Develop your protagonists. Make your main characters just as interesting and complex as your horrific villain. Come up with believable characters by creating a background for them that lets readers in on their insecurities. Did their parents die at a young age? Were they abandoned as children? Deliver a main character and supporting characters that add to the story and help you to build on the plot.
Come up with a basic idea of the journey your characters go through in discovering this horrific entity and fighting it. If there is no struggle between the two forces, your story can get boring and readers won't want to read. Whether you place your main character in a haunted house or force him to fight an evil alien on a distant planet, you need to come up with a struggle.
Write your story by using a basic outline of the plot points. Perhaps your main character has just bought a haunted house. You don't want to give away all the horrifying elements of the house right away. Use foreshadowing and suspense to build the horror until the climactic end, when the main character has either fought the evil and won, or the other way around.
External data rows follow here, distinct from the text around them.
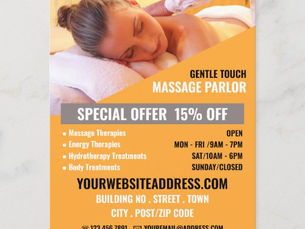 Best Deals! Relaxing Massage, Massage Therapy, Massage Parlor Flyer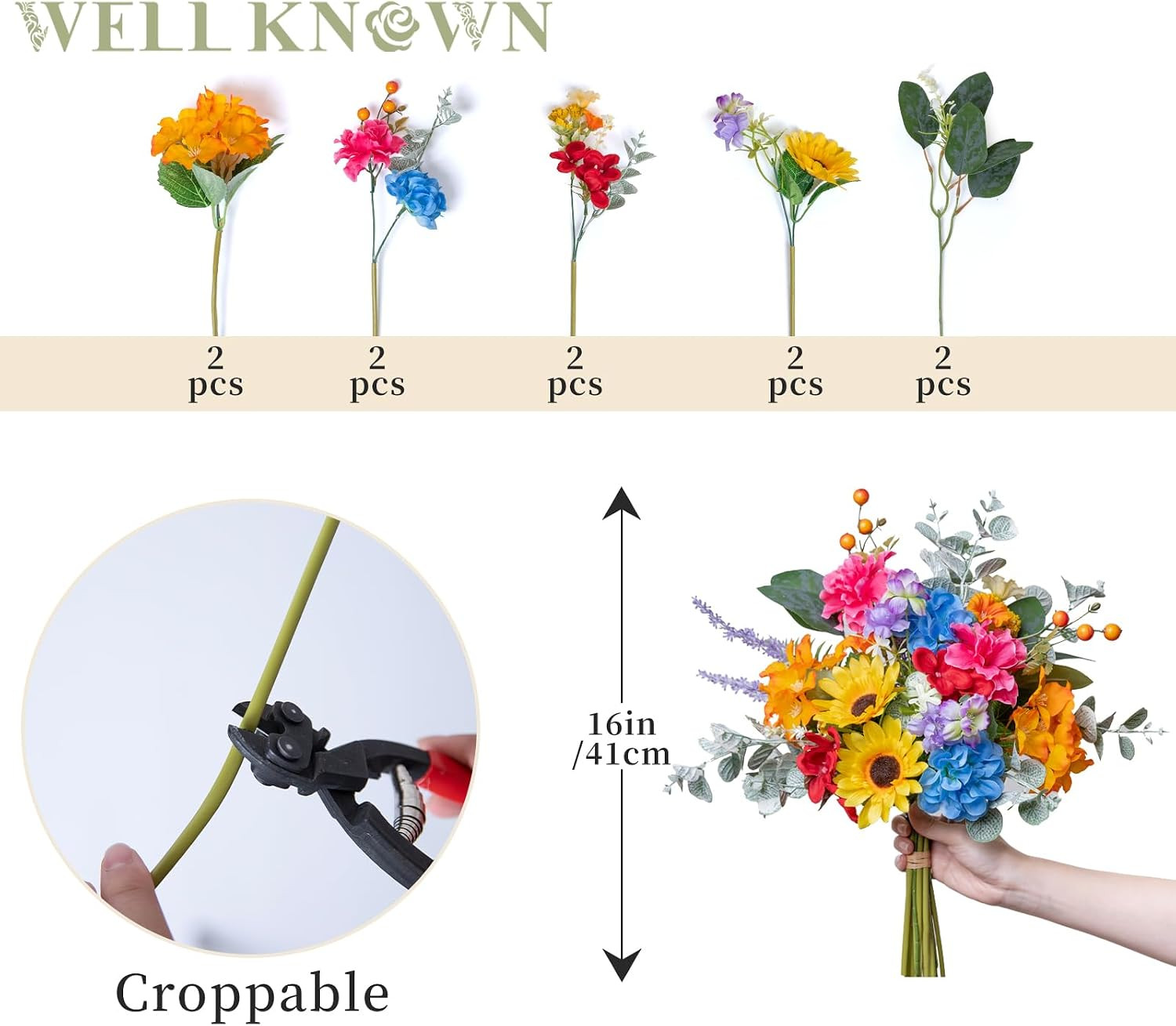 Rainbow Sunflower Artificial Flowers Bouquet for Home & Wedding Decor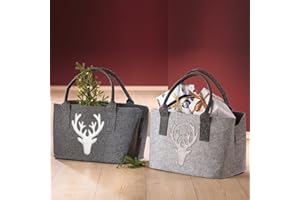 GILDE Filztasche Hirsch Glitter Grau mit Riemen Zeitung Shopping Holz Korb Tasche ca 26 x 44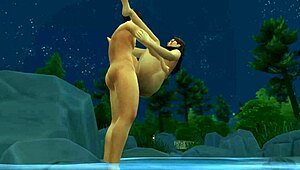 under the waterfall, her brunette pussy got drilled with internal cum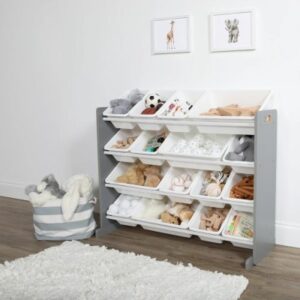 Supersized Grijs/Wit 16-Bin Speelgoedorganizer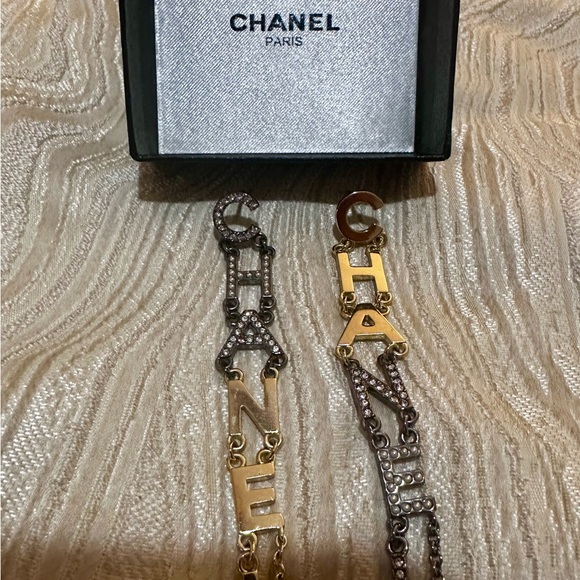 ESTATE SALE Rare Chanel Multicolor Letter Dangle Earrings - Picture 2 of 3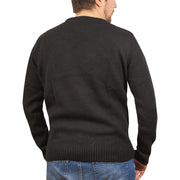 100% SHETLAND RAGG WOOL CREW Round Neck Knit JUMPER Pullover Mens Sweater Knitted - Plain Black - L V563-SW-CN-FBK-99B-L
Read your story. Let others read your story, too. Decide what works and what doesn't. Maybe a description of the horrific element does not quite horrify; tinker with it until it truly comes across the way you want it to. Maybe the ending does not completely satisfy; brainstorm to find another ending that adds a twist to shock the reader, but one that also works with the story. One of the most important parts of fiction writing involves editing your work until every aspect works together to truly engage the reader.